Wirklichkeit stenografisch abgebildet

Die Bedeutung des Analogen in einer zunehmend digitalisierten Welt tritt im Stück nicht nur durch den Theaterraum selbst hervor, sondern insbesondere durch eine der Disziplinen, die in „Streams“ vorkommen – die Stenografie. Auf den ersten Blick fast schon museal anmutend, spielt diese vor allem im politischen Kontext nach wie vor eine wichtige Rolle. „Ich war im Deutschen Bundestag und habe gesehen, wie drei Stenograf*innen die gesamte Sitzung festgehalten haben. Das Dokument, das daraus entsteht, ist jenes, das die Wirklichkeit einer solchen Sitzung wiedergibt, gleichzeitig sieht es aber so aus, als wäre es in einer Art Geheimschrift verfasst worden. Man vertraut also nicht den Videokameras und anderen Aufnahmegeräten, sondern den Menschen, die dort sitzen und ihre Arbeit analog verrichten, was wiederum dem Narrativ widerspricht, der Mensch würde komplett durch Maschinen ersetzt. Diesen Gegensatz fand ich spannend. Auch weil er Fragen aufwirft wie: Welche Daten sind echt? Wem glaubt man? Was macht ein vertrauenswürdiges Dokument aus?“, so Novacek.

„Streams. Catching Caches“ möchte diese nicht beantworten, sondern sie mit den Mitteln des Theaters lebendig werden lassen. Und zum Diskurs anregen.
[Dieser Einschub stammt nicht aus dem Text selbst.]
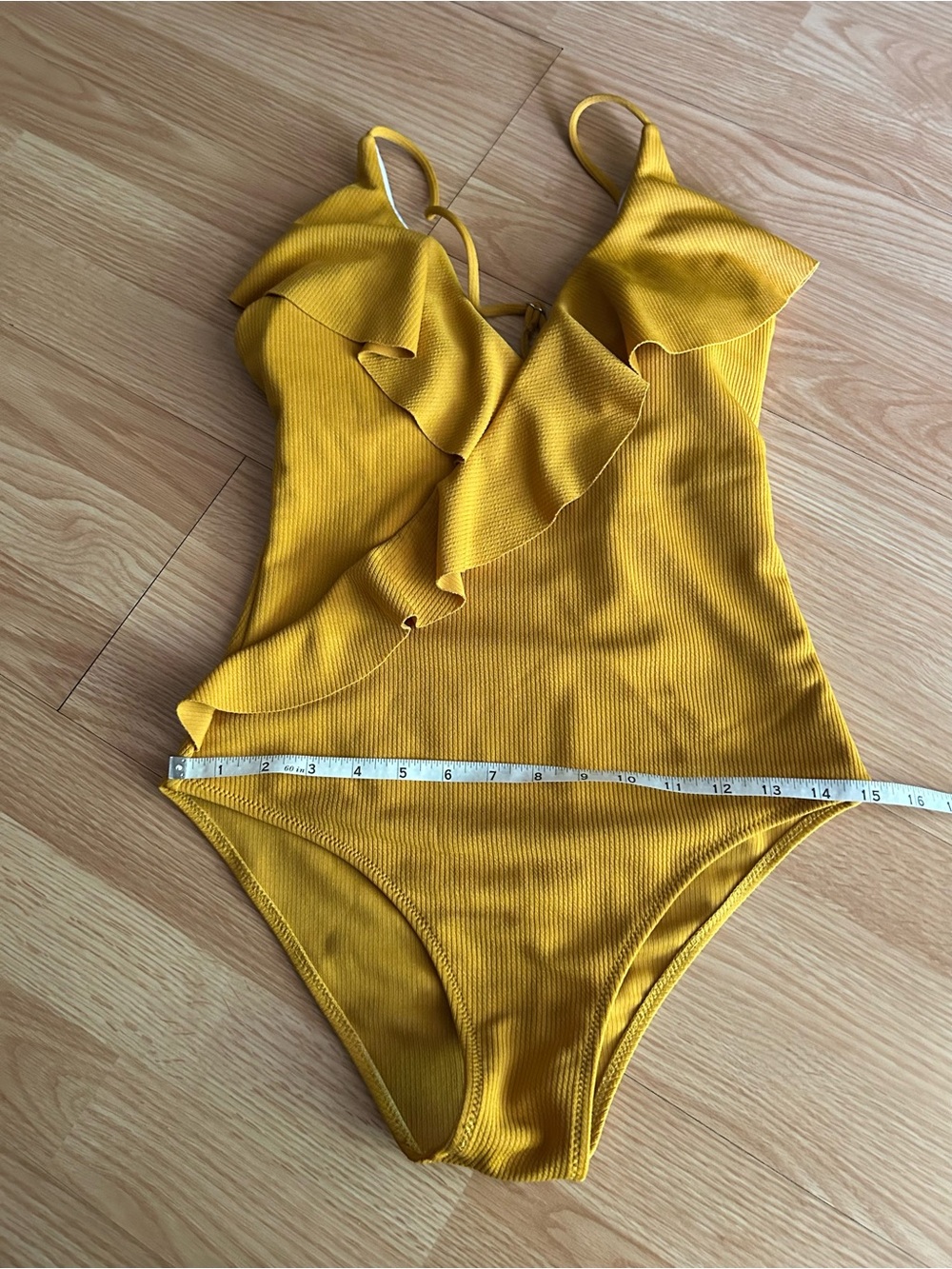 Cupshe Yellow Ruffle Ribbed One Piece Bikini Medium - Picture 6 of 9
Wer vielleicht die ein oder andere Antwort zu den im Stück aufgeworfenen Fragen liefern kann, sind jene Expert*innen, die im Anschluss an die letzte Vorstellung am 29. Juni ins Werk X-Petersplatz kommen: Dr.in Katja Mayer (Soziologin, Senior Postdoc mit dem Elise Richter Fellowship am Department für Wissenschafts- und Technologiestudien der Universität Wien) und Dr.in Alice Vadrot (ao. Univ.-Prof. für Internationale Beziehungen und Umwelt am Institut für Politikwissenschaft der Universität Wien sowie int. Forschungsprojekt MARIPOLDATA). Empfehlung.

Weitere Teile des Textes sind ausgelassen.